Multifamily industry professionals expect more rent growth and, as a result, more lender investment in multifamily construction. As we've noted here, however, significant rent growth has not yet shown up on a region-wide level, and here we can see that permit activity in February hit a new low.
What about lending activity reported by banks?
In the charts below, we'll look at some of the indicators available to us through the FRED database at the Saint Louis Federal Reserve. We last examined these variable in February. Q42010 data is now available for the regional data, as is February data for the nationwide data.
If banks continue to be reluctant to make loans on multifamily construction without evidence of solid returns on collected rents, it isn't difficult to see why. Conditions have changed little since last time.
Chart one shows the ratio of non-performing loans among larger banks in the mountain region. The ratio of non performing loans has come down slightly from the Q3 high, but it remains above the ratios from the days of the Savings and Loan crises.
[Note: Percentage of nonperforming loans equals total nonperforming loans divided by total loans. Nonperforming loans are those loans that bank managers classify as 90-days or more past due or nonaccrual in the call report.]
The data below on non-performing loans runs through December 2010.
Graph 2 shows the same ratio, except this time it's for smaller-sized banks, also within the mountain region.

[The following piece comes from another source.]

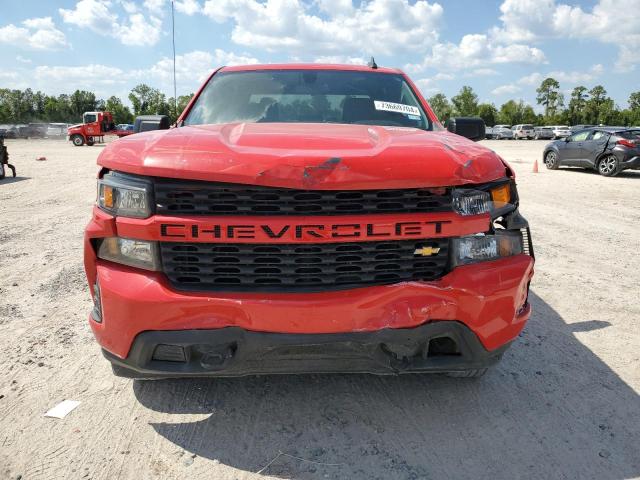 Photo 5 from auction – 2021 CHEVROLET SILVERADO with VIN 1GCPWBEHXMZ154062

We can see that the ratio has reached higher than is the case with the larger banks, and during 2010's 4th quarter, the ratio hit a new high and is now well above the peak reached during the S&L crisis. Not unexpectedly, the data suggests that, at least according to this measure, proportionally speaking, smaller banks have been more heavily impacted by nonperforming loans in recent years.
Graphs 1 and 2 show all loans, but Graph 3, which shows commercial loans only, shows that the overall ratio of nonperforming loans is lower for commercial loans than for all loans. This suggests that residential mortgage loans (and also consumer debt) are performing more poorly than commercial loans. The fact that commercial loans may be slightly more resilient than other types of loans may also lead to more willingness to make loans on multifamily construction than on single-family for-sale construction in the near term and medium term. However, while commercial loans are relatively better-performing, the non-performing loan ratio does remain at unusually high rates.
Graph 4 shows the outcome of a situation in which loans on residential real estate have been performing poorly. Data for the mountain region is not available, but this national graph shows that the amount of funds being loaned for real estate is down considerably. This can include non-residential real estate of course, but the graph does suggest that in the current environment, banks will continue to be cautious in making loans for new real estate. This data includes information reported through February.
Finally, in Graph 5, we note an additional consequence of a lending environment affected by low interest rates and poorly-performing loans. This data includes information reported through February. This is national data:
Excess reserves increased considerably during January and February, posting month-over-month increases of more than 14 percent in each month.